# Guide bushing set for Bosch 1617



## sofasurfer (May 30, 2009)

In my search for a guide bushing set for my Bosch 1617EVSPK I have found that I need to order from the internet cause the stores have a crappy stock situation. I was going to get the PC adapter which will let me use brass, screw type bushings.

I was at Home Depot tonight and I see that they have a Ridgid set, model RBK1032, which has the brass bushings, 2 base plates, a centering bit and a countersink bit which lets you drill perfect holes to fit the enclosed bases to any router you want.

This sounds like the best deal for matching non-Bosch bushings to whatever, including Bosch.

I forget the price but I think it was $29 or $39. I can't look it up on line cause there are none available in a search and HD website doesn't list it. Gee, I wonder why people don't buy more of their products...duh.

Anyway, has anyone here purchased that set?
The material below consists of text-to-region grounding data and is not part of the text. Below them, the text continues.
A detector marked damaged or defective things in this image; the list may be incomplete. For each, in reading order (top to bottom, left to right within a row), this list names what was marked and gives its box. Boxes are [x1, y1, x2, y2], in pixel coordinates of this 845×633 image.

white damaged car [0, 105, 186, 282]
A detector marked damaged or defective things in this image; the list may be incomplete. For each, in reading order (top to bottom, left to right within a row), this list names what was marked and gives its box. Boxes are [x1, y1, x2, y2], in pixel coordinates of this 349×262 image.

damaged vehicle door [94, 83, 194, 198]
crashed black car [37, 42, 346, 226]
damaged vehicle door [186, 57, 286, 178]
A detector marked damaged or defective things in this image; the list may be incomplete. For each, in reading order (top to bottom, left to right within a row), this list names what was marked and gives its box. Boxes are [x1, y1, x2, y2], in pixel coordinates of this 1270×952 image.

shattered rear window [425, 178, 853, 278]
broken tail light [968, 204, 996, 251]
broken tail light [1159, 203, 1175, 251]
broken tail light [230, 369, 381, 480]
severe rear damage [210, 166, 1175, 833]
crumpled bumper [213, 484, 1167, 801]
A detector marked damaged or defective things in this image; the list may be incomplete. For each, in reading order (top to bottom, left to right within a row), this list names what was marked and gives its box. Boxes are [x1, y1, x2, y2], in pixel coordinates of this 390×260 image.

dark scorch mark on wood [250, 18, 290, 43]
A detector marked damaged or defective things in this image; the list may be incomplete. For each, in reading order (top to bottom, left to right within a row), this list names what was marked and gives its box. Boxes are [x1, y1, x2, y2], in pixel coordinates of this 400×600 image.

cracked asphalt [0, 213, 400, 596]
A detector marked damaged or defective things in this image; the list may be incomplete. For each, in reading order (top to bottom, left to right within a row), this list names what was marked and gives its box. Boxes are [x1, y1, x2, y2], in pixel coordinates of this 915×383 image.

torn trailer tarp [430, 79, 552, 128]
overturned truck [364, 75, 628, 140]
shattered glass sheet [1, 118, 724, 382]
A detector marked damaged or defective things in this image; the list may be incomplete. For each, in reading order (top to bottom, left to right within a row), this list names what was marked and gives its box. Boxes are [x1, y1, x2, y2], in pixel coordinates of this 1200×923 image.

Please give me a review.


----------



## bobj3 (Jan 17, 2006)

Hi

I have not But
You can pickup the MilesCraft base plate from many outlets and use all the PC brass guides..quick and easy..for about 20,oo bucks.

Amazon.com: Milescraft 1201 Base Plate / Bushing Set for Routers: Home Improvement

http://www.youtube.com/watch?v=7ENu6iprXy8

http://www.milescraft.com/allproducts.html


========


----------



## sofasurfer (May 30, 2009)

I saw that set at Lowes. But then you still need to buy the brass bushings. I think the Ridgid set is a real good value unless I don't know what I'm talking about, which has happened a couple of times:sarcastic:


----------



## bobj3 (Jan 17, 2006)

This set comes with the 1" that's not the norm 
Plus with turnlock out you can use the 1 1/2" diam.bits not the norm for most plates that will take on the PC guides.

- Harbor Freight Tools - Quality Tools at the Lowest Prices

=========


----------



## sofasurfer (May 30, 2009)

The milescraft are all plastic parts aren't they? I don't like that. If I am going to buy the Milescraft mostly for the adapter I would have to just go for the Bosch adapter which I would have to order on line. Gee I hate ordering a toy and having to wait for it. The must be a place around locally that carries it. I'll look some more.
Are those HF bushings one of the HF items that can be recommended?


----------



## sofasurfer (May 30, 2009)

I just found this thread concerning the HD bushing set. I guess I will be getting the HF set.
http://www.routerforums.com/guide-b...gid-universal-pc-style-brass-bushing-set.html


----------



## MikeMa (Jul 27, 2006)

For my bosch, i went to the local woodcraft store. They sell a universal base plate that I was able to get to fit on my plunge base. This allows me to use the PC style guides bushings.


----------



## bobj3 (Jan 17, 2006)

Metal (brass) nose
Amazon.com: Milescraft 1211 Base Plate Metal-Nose Bushing Set for Routers: Home Improvement


Universal Router Template Guide Kit with free shipping
Router accessories 2


If you want to use your Bosch with out the MilesCraft plate
- Harbor Freight Tools - Quality Tools at the Lowest Prices


You can rework the brass adapter to take on the (1 1/2") Big brass guides very easy with a Forestner drill bits.. 
That's a real plus for the adapter way..
====
==========



sofasurfer said:


> The milescraft are all plastic parts aren't they? I don't like that. If I am going to buy the Milescraft mostly for the adapter I would have to just go for the Bosch adapter which I would have to order on line. Gee I hate ordering a toy and having to wait for it. The must be a place around locally that carries it. I'll look some more.
> Are those HF bushings one of the HF items that can be recommended?


----------



## sofasurfer (May 30, 2009)

In post #6, above, I forgot to include the link. I have now included it, but here it is again...
http://www.routerforums.com/guide-b...gid-universal-pc-style-brass-bushing-set.html
For some reason info on this set is nowhere else to be found on the web.


----------